Thanks for reading .

Feature Sharing in Classes and Convolutional Neural Network Troubles

I've been taking a stab at computer vision and convolutional neural networks. Interestingly, I discovered a hard-to-solve problem when some classes contained features that indicated to multiple classes.

Although there is a complicated way to engineer the problem out of this - namely Regions with Convolutional Neural Networks and Decision Trees - I wanted to see if it was possible to train a simpler convolutional neural network to understand categorical importance. Using a dataset of profile photos (demo'd here with hilarious mock photos of yours truly) I wanted to classify objects and facial expressions in the photos. In a toy model, I separated my dataset into the following classes:

  • faces with smiles
  • faces with open mouths (excited)
  • faces with glasses
  • faces with sunglasses
Classes Test Set 1

So what's the flaw with the above? Faces that have glasses and sunglasses can also contain smiles and excitement. As the human trainer, I know that if the photo contains sunglasses and glasses, I need to classify that feature as more important than the smile in the photo. Hence, the eyewear features are more important in hierarchy and should lead to that photo being classified as one of the glasses classes. The same goes if the glasses are absent - the features of the mouth then determine the class of the photo.

But, this doesn't happen. Although the glasses classes perform more accurately (though not optimally), the classes containing smiles or excitement are misclassified at a poor rate. It appears that because the glasses classes contain the same features as the facial expression classes, the neural network can't rank the features. This is a big limitation.

Testing accuracy: 0.6585365853658537
Accuracy for category 0 [excitement]: 0.5
Accuracy for category 1 [glasses]: 0.8
Accuracy for category 2 [smile]: 0.5882352941176471
Accuracy for category 3 [sunglasses]: 0.75

The neural network was trained for 245 epochs and contained the following parameters:

layer_defs.push({type:'input', out_sx:64, out_sy:64, out_depth:6});
layer_defs.push({type:'conv', sx:5, filters:32, stride:1, pad:2, activation:'relu'});

layer_defs.push({type:'pool', sx:2, stride:2});
layer_defs.push({type:'conv', sx:5, filters:20, stride:1, pad:3, activation:'relu'});
layer_defs.push({type:'conv', sx:5, filters:20, stride:1, pad:3, activation:'relu'});

layer_defs.push({type:'pool', sx:5, stride:2});
layer_defs.push({type:'conv', sx:5, filters:10, stride:1, pad:3, activation:'relu'});
layer_defs.push({type:'conv', sx:5, filters:10, stride:1, pad:3, activation:'relu'});
layer_defs.push({type:'conv', sx:5, filters:10, stride:1, pad:3, activation:'relu'});

layer_defs.push({type:'pool', sx:2, stride:2});

layer_defs.push({type:'fc', num_neurons:20, activation:'relu'});

// note: softmax automatically adds a fully-connected layer
layer_defs.push({type:'softmax', num_classes: categories});

In general, a smiling mouth is the number one feature of a "smile" class. However, that feature can also be seen in the training data where sunglasses are present. So what happens when we strip out the facial expression classes and introduce a new class that doesn't share any similar features to the glasses classes?

  • faces with glasses
  • faces with sunglasses
  • faces with tongues sticking out
Classes Test Set 2

Note here we're using the same neural network parameters and training over 51 epochs - nearly 1/5 of previous training time. What were the results?

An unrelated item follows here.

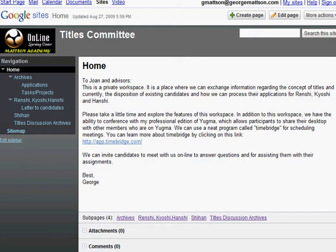Welcome to the Titles Committee Workspace. I'd like to take a few minutes to walk you through the site and show you some of the ways you can utilize the various features within the program. If you need help registering or accessing the workspace, please view the help video I sent to you when you were invited to become a member of this space.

Testing accuracy: 0.8387096774193549
Accuracy for category 0 [glasses]: 0.8333333333333334
Accuracy for category 1 [sunglasses]: 0.8461538461538461
Accuracy for category 2 [tongue]: 0.8333333333333334

A remarkable improvement with much less training time. It's obvious that the network is quickly picking up on the differences when the "tongue class" was introduced. Only a couple of the glasses photos in the dataset actually had a tongue, so the tongue photos are generally mutually exclusive from any of the photos in the glasses classes.

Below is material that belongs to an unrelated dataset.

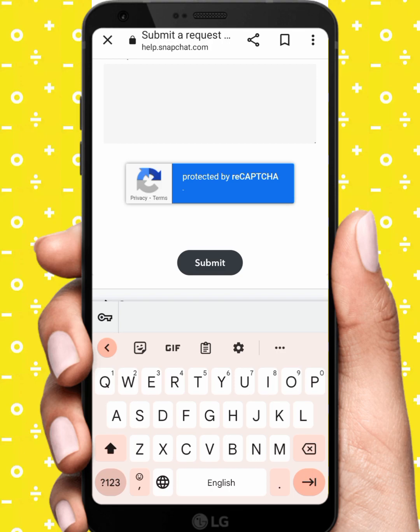After you submit, within 24 hours Snapchat will connect to your Gmail or phone number and your problem should be fixed. I hope the video was helpful — please like and subscribe to my channel. Thanks for watching.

Since I'm still getting familiar with neural networks, I can't draw any immediate conclusions. Usually, the brute force solution to work around this problem is to add more layers and more neurons. This seems inefficient. There may be an opportunity to optimize convolutional networks, though what it requires I don't know. I can say that I'm somewhat disappointed that the network is unable to create its own "taxonomy" of classification - creating a hierachy of decisions and building on that. This may be an opportunity to engineer a better convolutional neural network. If you, the reader, think otherwise I'd be happy to hear from you.